Die Fremden zerbrechen sich die Köpfe darüber, wie wir es fertig bringen, unsere Stadt stets im frischen Schmuck dieses Drecks zu erhalten. Sie wissen nicht, daß wir den Dreck mit allen Errungenschaften eines vorsintflutlichen Straßenbaues importieren, ihn vom flachen Land, wo er natürlich zuhaus ist, direkt bis in das Weichbild der Hauptstadt herein aus allen Himmelsrichtungen kanalisieren. Unser Dreck ist kein Produkt des binnenstädtischen Verkehrs, er ist der wackere Sohn der Mutter Erde, gemacht aus Ackerschollen und Landstraßenschlick, ganz wie der Dreck von Schlindermanderscheid und Freckeisen. Von den Höhen von Straßen und Dippach, aus den Tiefen von Beggen und Hesperingen leiten wir ihn bis dicht an unsere Schwellen. Andere Städte legen gepflasterte oder asphaltierte Straßen bis weit hinaus vor ihr Weichbild, gewissermaßen als Abkratzmatten, an denen sich der Verkehr von außen her den Dreck abstreichen kann, um mit sauberen Sohlen und Rädern das Stadtinnere zu betreten.

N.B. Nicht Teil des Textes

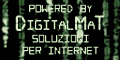 Il Diario on line � realizzato e curato da DigitalM@T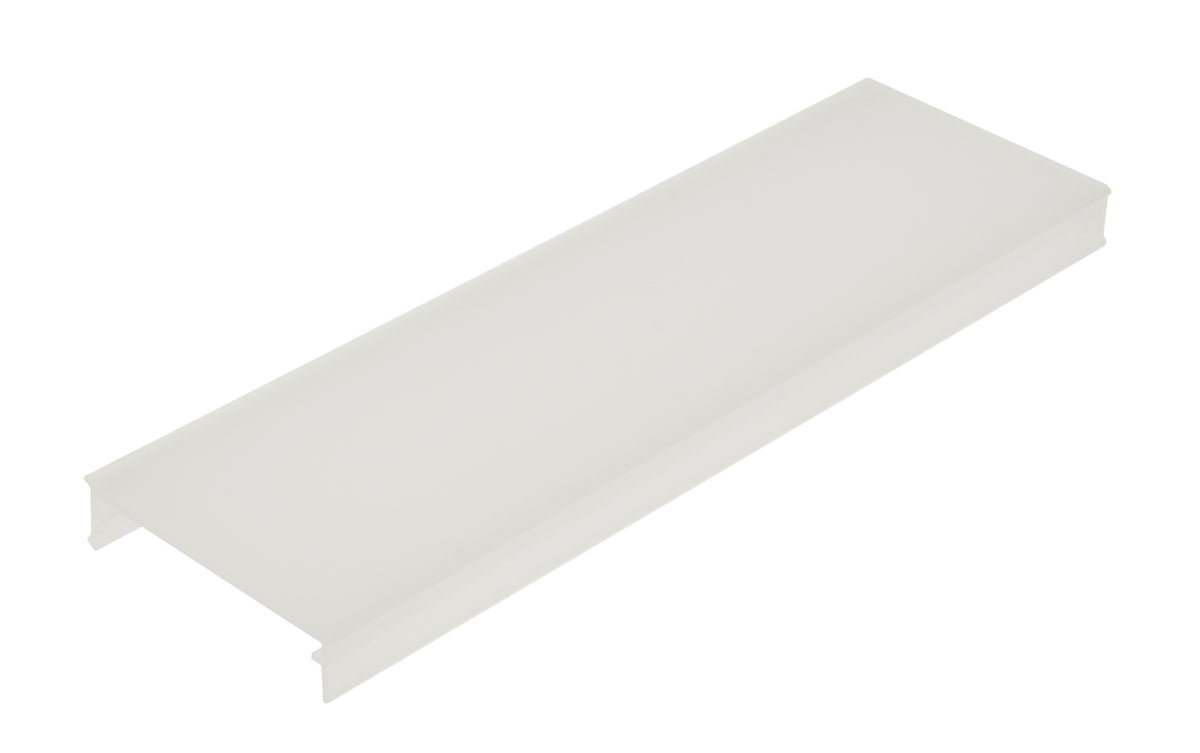 PMMA capac MF plat / Opal 2m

Anders wir. Wir führen die gewöhnliche Bauernchaussee mit ihrem Dreck, den die Räder zermalmen und die Hufe zerstampfen, bis in die Stadt herein. bis dicht an den Mittelpunkt der City. Die vornehmsten Straßenzüge, an denen die schönsten Villen stehen. haben einfachen Schottersteinbelag, der natürlich unter der mahlenden Last des gesteigerten Stadtverkehrs bald zu einem grauen Brei wird. Dieser Brei heftet sich an Sohlen und Räder und läßt sich weiter hinein tragen, über das Pflaster, das sonst leidlich sauber bliebe, und überzieht alle Straßen und Plätze mit der Dreckschicht, die uns berühmt gemacht hat.

Wir besitzen aber noch eine Spezialität, die zur selben Zeit, wie der luxemburger Dreck, in die Erscheinung tritt. Das sind die losen Trottoirplättchen. „Frech wie ein loses Trottoirplättchen“ ist eine Redensart, die den Nagel auf den Kopf trifft. Ich kam gestern grade recht, um in meinen Armen eine junge Dame aufzufangen, die auf ein solches loses Trottoirplättchen getreten war. Ich sollte diesem also eigentlich nicht gram sein. Aber es hätte auch eine alte Betschwester sein können. Und im Prinzip sind lose Trottoirplättchen, die wahllos und tückisch Damenstrümpfe und Männerbeinkleider bis an die Kniee hinauf anspritzen, zu verpönen.

Ich möchte wirklich noch hundert Jahre leben, nur um zu sehen, ob über hundert Jahre Luxemburg immer noch die Stadt des Drecks sein wird.